### GIVEN MATERIAL
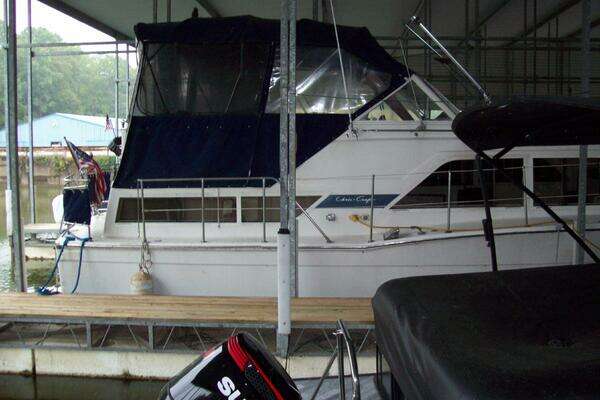 1979 Chris-Craft Catalina 350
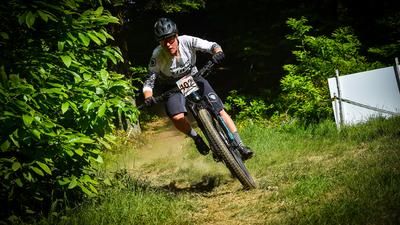 Nathalie Schneitter gewinnt ein Rennen der WES in Bologna.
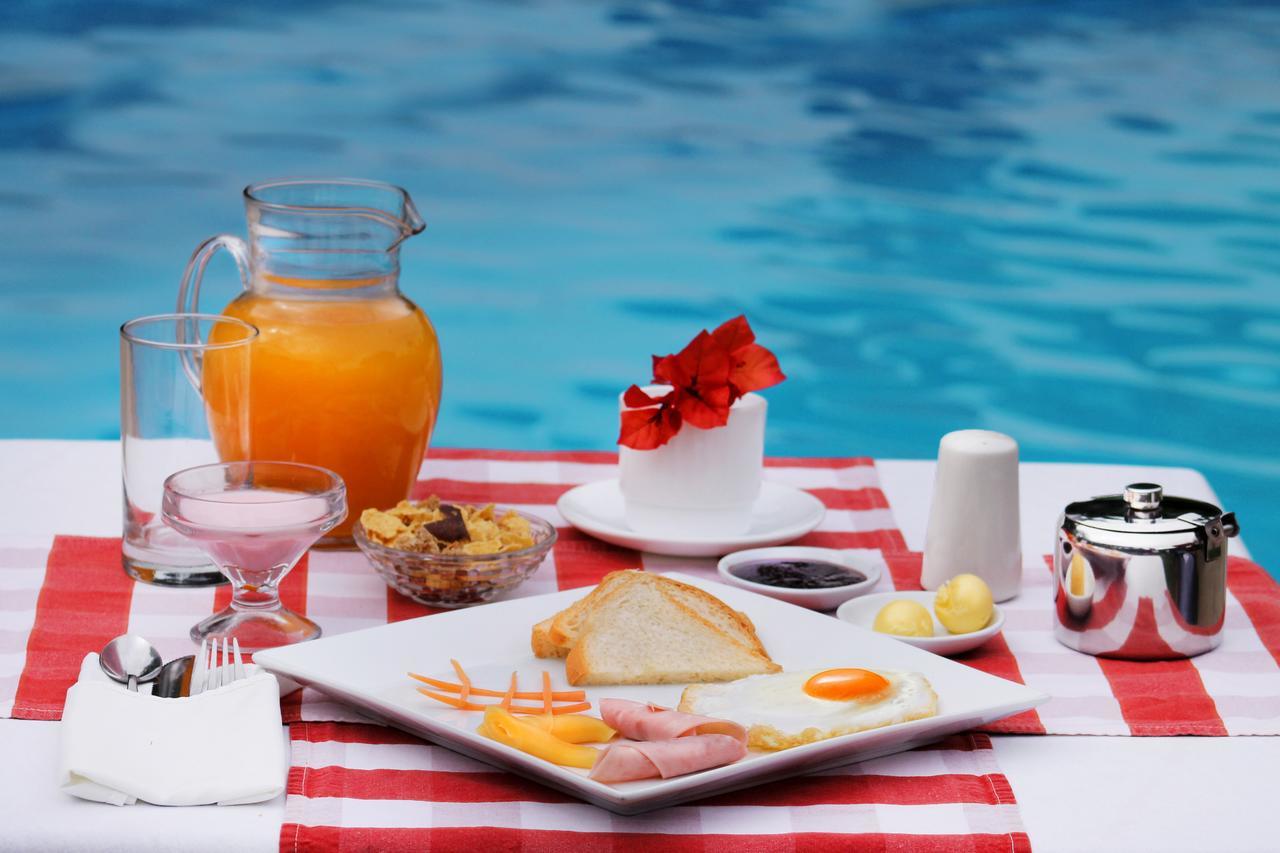 Piedras Blancas Lodge Puerto Ayora  Ngoại thất bức ảnh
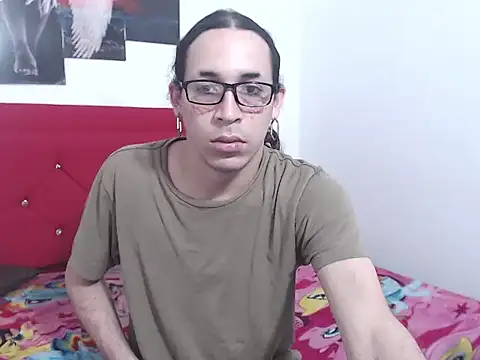 Snapshot of hairy21dick chatting on 04.27.26 hairy21dick online show from 04.27.26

### TASK BRIEF
The expected answer is the line with "Piedras Blancas Lodge" followed by every remaining line of the listing, each restated exactly, with all pictures dropped.

### WRITTEN ANSWER
 Piedras Blancas Lodge Puerto Ayora  Ngoại thất bức ảnh
 Snapshot of hairy21dick chatting on 04.27.26 hairy21dick online show from 04.27.26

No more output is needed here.